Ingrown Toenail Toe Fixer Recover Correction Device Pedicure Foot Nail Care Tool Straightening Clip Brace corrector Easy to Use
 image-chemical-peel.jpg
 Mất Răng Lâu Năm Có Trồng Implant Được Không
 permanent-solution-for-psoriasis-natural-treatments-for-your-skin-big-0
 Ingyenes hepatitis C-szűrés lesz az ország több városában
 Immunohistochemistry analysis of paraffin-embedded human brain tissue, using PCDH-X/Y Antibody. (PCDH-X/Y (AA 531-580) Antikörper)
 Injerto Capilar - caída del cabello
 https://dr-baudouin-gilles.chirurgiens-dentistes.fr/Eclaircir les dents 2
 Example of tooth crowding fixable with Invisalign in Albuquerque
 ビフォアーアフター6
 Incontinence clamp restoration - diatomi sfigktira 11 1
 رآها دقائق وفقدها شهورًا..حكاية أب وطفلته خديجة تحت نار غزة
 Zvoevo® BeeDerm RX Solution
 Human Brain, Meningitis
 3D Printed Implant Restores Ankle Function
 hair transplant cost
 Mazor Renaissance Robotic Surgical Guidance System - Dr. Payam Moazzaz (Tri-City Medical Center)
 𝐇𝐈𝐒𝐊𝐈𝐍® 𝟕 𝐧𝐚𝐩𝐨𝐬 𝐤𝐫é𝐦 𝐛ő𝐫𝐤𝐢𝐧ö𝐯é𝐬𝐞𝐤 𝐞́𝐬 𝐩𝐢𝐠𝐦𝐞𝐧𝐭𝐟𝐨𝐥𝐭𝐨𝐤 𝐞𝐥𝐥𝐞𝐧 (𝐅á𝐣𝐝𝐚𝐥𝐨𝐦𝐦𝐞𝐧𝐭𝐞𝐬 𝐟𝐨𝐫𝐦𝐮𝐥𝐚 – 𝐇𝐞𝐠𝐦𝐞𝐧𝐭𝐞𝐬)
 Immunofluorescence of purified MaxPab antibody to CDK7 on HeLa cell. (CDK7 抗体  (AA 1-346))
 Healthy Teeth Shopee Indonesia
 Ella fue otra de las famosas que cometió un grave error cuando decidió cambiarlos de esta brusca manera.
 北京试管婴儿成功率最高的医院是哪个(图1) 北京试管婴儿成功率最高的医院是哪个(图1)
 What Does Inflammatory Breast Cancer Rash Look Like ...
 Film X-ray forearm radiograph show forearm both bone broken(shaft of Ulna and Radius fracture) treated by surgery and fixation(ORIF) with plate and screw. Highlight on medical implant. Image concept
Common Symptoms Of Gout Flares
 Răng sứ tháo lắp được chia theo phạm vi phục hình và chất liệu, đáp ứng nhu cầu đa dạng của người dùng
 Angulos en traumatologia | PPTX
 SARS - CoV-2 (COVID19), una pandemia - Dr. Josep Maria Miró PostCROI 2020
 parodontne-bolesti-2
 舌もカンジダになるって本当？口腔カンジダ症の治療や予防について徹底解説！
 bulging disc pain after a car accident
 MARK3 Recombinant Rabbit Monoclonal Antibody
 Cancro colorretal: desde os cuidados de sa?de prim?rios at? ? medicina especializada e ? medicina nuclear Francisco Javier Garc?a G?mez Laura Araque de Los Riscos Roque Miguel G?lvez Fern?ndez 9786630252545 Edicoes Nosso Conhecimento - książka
----------------------------------------
■ EXERCISE REQUIREMENTS
Your answer should consist of all lines above that include the string "with".

■ TASK RESPONSE
 Example of tooth crowding fixable with Invisalign in Albuquerque
 Film X-ray forearm radiograph show forearm both bone broken(shaft of Ulna and Radius fracture) treated by surgery and fixation(ORIF) with plate and screw. Highlight on medical implant. Image concept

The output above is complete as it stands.